To assess performance on real data, the assemblers were tested on paired-end strand-specific RNA-seq data from two biological replicates from the K562 and H1 cell lines, and a single replicate of mouse dendritic cells. Importantly, these datasets represent different species, tissues, library construction protocols and sequencing depths. Of note, it was not possible to run the Traph assembler on the K562 and H1 data due to instability of the program. As there is no gold standard transcriptome reference for real data, we combined three complementary validation strategies to assess performance of the different assemblers.

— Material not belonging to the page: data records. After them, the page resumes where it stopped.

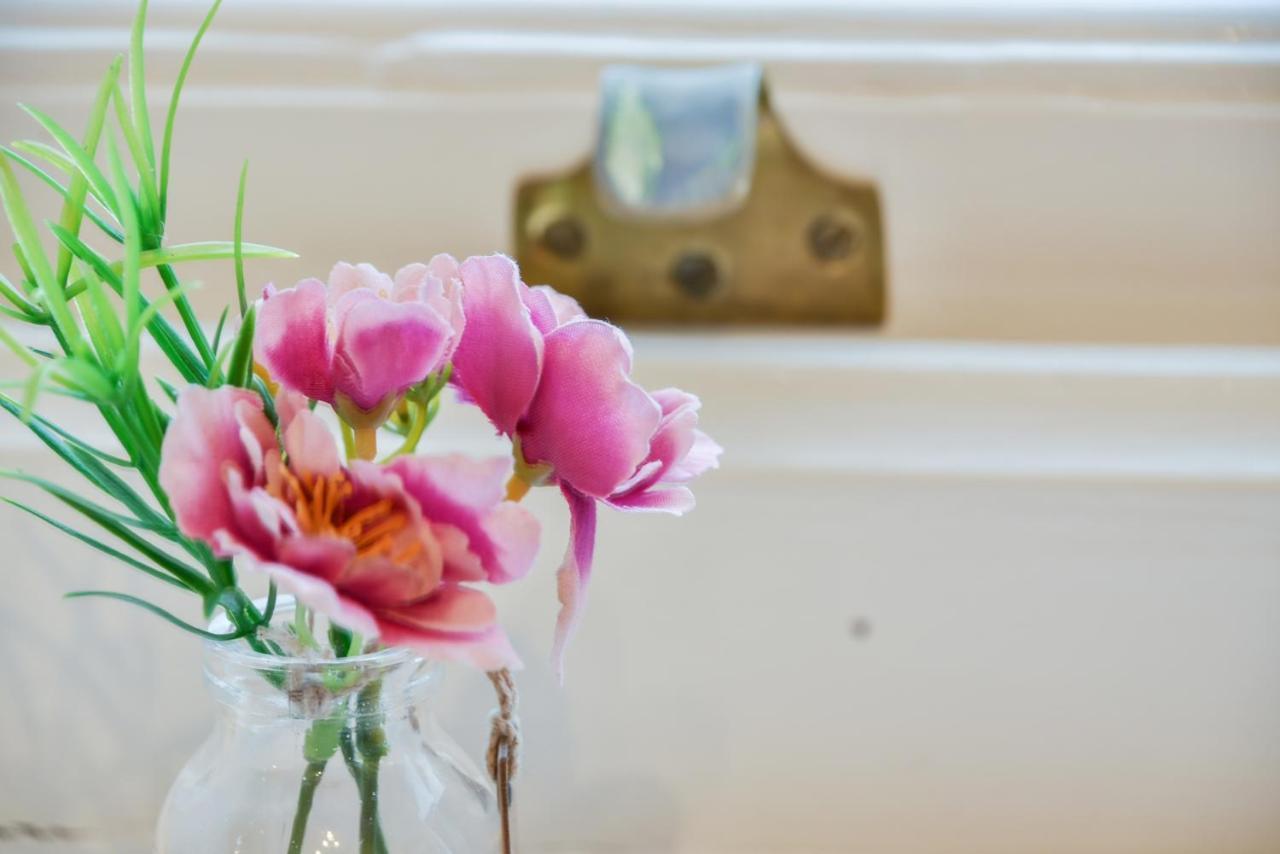 Apartamento Florence - Free Parking *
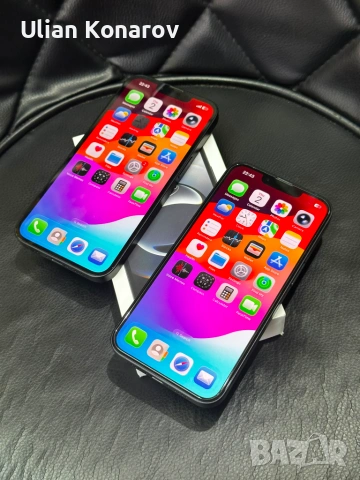 iphone 16e 128GB, снимка 4 - Apple iPhone - 55136692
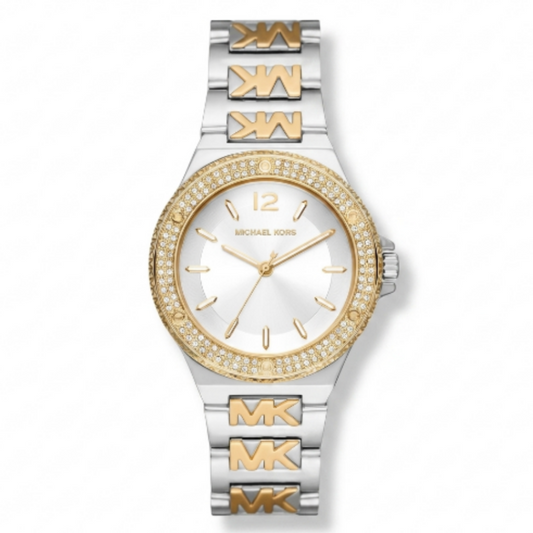 M.I.C.H.A.E.L K.O.R.S WATCH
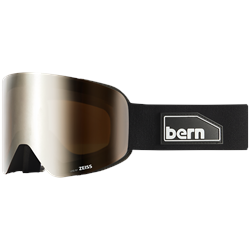 Bern B-1 Goggles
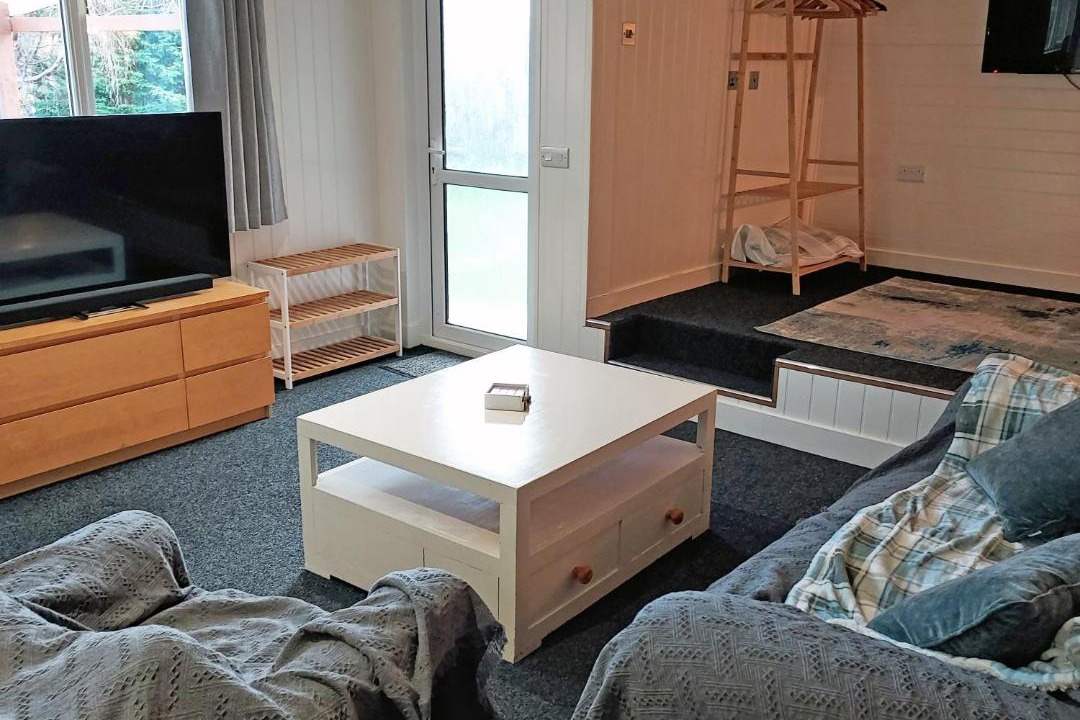 Photo of Others in Eyemouth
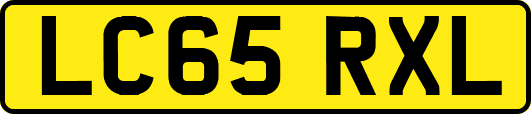 LC65RXL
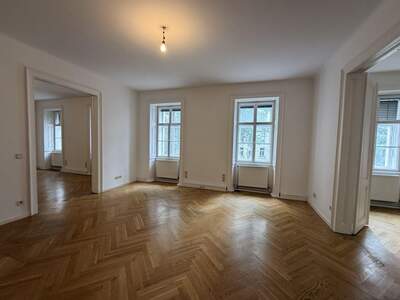 Gewerbeobjekt mieten in 1030 Wien (Bild 4)
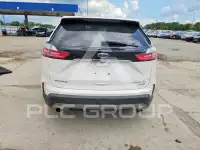 2019 Ford EDGE фото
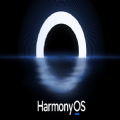 HarmonyOS 2 鸿蒙系统第四批 nolog 版本内测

We first evaluated assembler performance by estimating the number of predicted transcripts that could be confirmed using the UCSC Known Genes annotation against the total number of predicted transcripts. To adjust for any abundance bias in the annotation and between assemblers, we calculated the number of confirmed transcript predictions across a sequence of thresholds on abundance and plotted it against the corresponding number of predicted transcripts. Hence, the final performance metric is a curve, where the height and slope represent sensitivity and precision, respectively. For both the K562 and H1 data, the Bayesembler curve extended higher and ascended more steeply for both replicates than any of the other assemblers thus indicating both better sensitivity and precision of our method (Figure 3a,b, Figure S3a,b in Additional file 1). Importantly, similar results were observed for data from mouse dendritic cells, which in turn suggests that the results are robust across species, tissues and library construction protocols (Figure 3c). Interestingly, we also observed that the transcript lengths produced by Bayesembler were closer to the length distribution of annotated transcripts than the other assemblers, which again tended to produce shorter transcripts (Figure S4a–e in Additional file 1).

Figure 3
figure 3

Assembler performance estimates for real RNA-seq data using an annotation-based measure. The number of assembled transcripts from (a) K562 (replicate 1), (b) H1 (replicate 1) and (c) mouse dendritic cells that were confirmed using the UCSC Known Genes annotation plotted against the corresponding number of predicted transcripts across a sequence of abundance thresholds (decreasing abundance threshold from left to right).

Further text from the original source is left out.